**** DATA BELOW
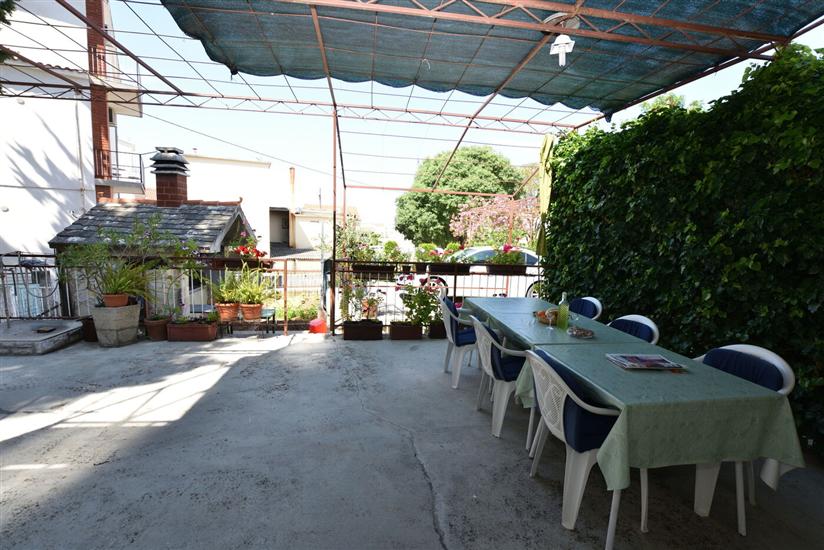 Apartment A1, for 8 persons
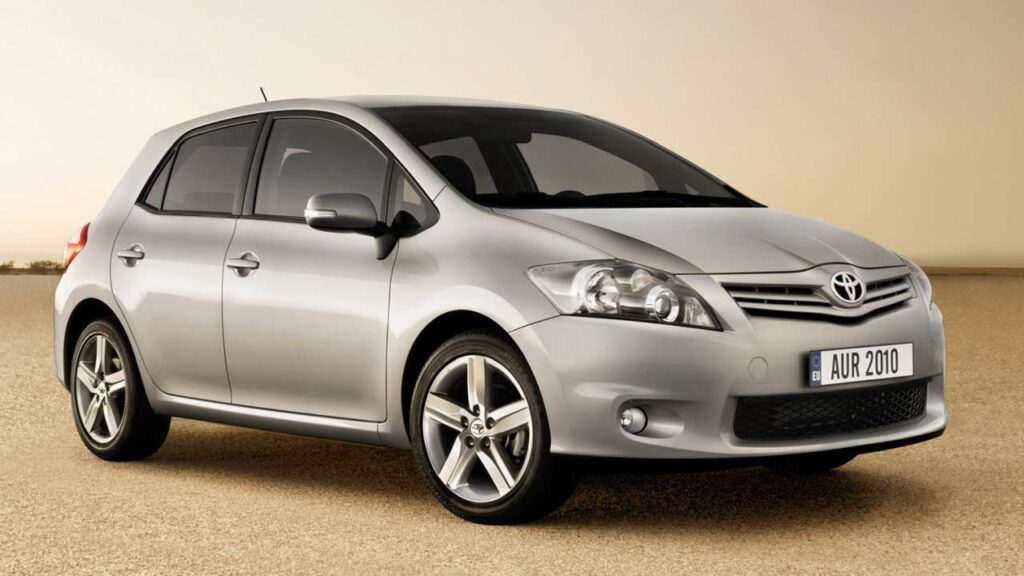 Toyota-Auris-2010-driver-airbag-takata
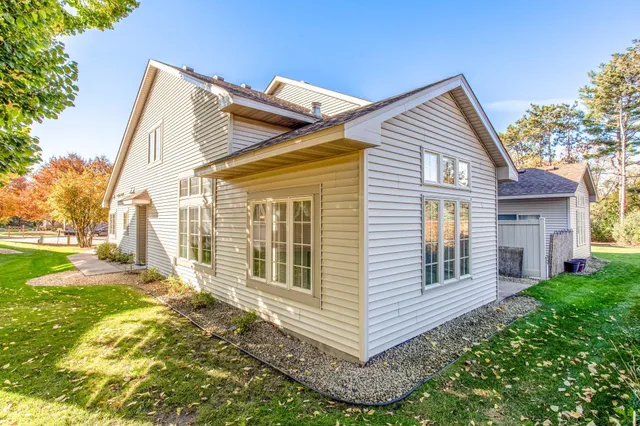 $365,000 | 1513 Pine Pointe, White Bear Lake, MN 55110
********
None of the pictures belong in the copy; transcribe the rest of the data exactly.

 Apartment A1, for 8 persons
 Toyota-Auris-2010-driver-airbag-takata
 $365,000 | 1513 Pine Pointe, White Bear Lake, MN 55110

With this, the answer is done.